Visualization and mapping changed everything
Hanna said he came up with the concept for CyberStockroom while working as a lead engineer for Crowdwave Games, where he frequently ran into issues with managing inventory.
“It just seemed to be a hassle to be able to track cameras and cable systems properly. I always had this idea in the back of my head that there should be a better kind of software-as-a-service solution to this problem of inventory management.”
Hanna left the company in 2012 to begin designing and building the software that would eventually become CyberStockroom. Hanna said in those early days, “everything was bootstrapped, and we were still understanding the market” but once he perfected the visualization and mapping aspect of the software, everything changed.
“All of a sudden there was a much higher adoption, and we began to see a partnership lens. We’re now talking about a completely different growth rate.”
The COVID-19 pandemic presented even more growth opportunities for CyberStockroom, which currently has five employees. Hanna said several ambulance, fire and police departments reached out in need of a better solution to tracking emergency medical supplies that were being used more frequently.
Elsewhere, as many companies equipped employees to work remotely, the need to locate and manage IT assets also grew exponentially.
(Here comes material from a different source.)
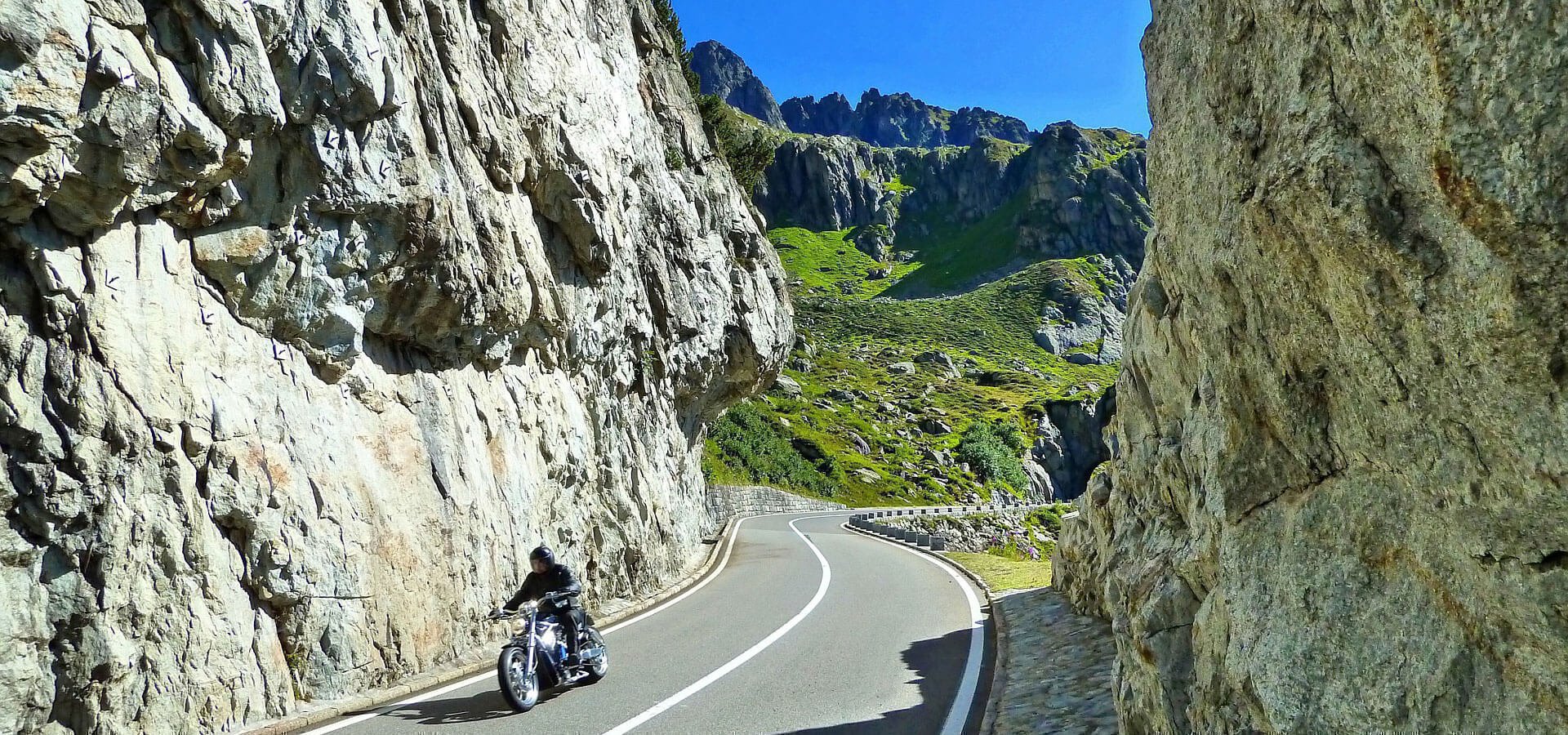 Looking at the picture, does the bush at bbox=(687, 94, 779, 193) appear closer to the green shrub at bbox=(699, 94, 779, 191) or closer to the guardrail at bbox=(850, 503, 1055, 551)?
the green shrub at bbox=(699, 94, 779, 191)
“It became very clear for all these companies that unless they could properly track where these things were and who had them, they were going to lose a lot of money,” Hanna said.
Lansweeper integration
In early 2021, CyberStockroom entered into a partnership with Belgium-based IT asset management company Lansweeper through an integration that allows businesses to keep tabs on their IT assets and monitor where they are located.
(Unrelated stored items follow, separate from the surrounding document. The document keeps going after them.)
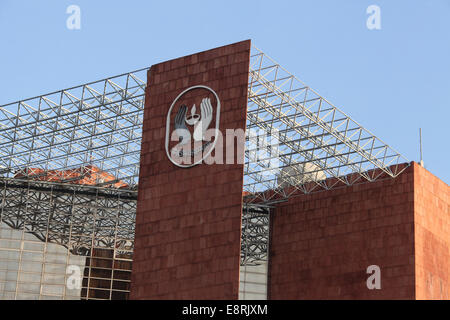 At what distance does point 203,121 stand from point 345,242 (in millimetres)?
14854

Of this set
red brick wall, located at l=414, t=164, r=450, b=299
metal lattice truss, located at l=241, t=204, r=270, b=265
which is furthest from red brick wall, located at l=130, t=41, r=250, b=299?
metal lattice truss, located at l=241, t=204, r=270, b=265

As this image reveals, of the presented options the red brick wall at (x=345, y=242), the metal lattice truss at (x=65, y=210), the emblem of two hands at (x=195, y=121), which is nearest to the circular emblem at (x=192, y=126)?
the emblem of two hands at (x=195, y=121)

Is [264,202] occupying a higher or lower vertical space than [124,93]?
lower

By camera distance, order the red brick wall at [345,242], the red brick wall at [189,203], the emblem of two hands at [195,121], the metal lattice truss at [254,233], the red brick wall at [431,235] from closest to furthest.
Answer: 1. the red brick wall at [189,203]
2. the emblem of two hands at [195,121]
3. the red brick wall at [431,235]
4. the red brick wall at [345,242]
5. the metal lattice truss at [254,233]

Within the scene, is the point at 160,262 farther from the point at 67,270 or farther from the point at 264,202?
the point at 67,270

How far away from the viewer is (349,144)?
198 feet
Bob Huggins, CyberStockroom’s chief strategic officer, said the integration between the two companies has fit “beautifully,” describing the process as a “one-button integration.”
As Huggins puts it, Lansweeper is the “what” and CyberStockroom is the “where.”
“If a laptop went missing I would be able to locate where it is, and on that laptop I would have various pieces of software, some with licenses that would be needed to be renewed or closed. You magnify that by tens of thousands of clients and it’s certainly a great breakthrough for us,” he said.
Huggins said CyberStockroom is looking to quickly expand as it works towards its goal of making $1 million in annual accruing revenue over the next 12 months.
“We’re seeing leaps of growth from month to month. So I don’t think we’ll have a problem achieving that sort of number, and hopefully we’ll blow it out of the water,” he said.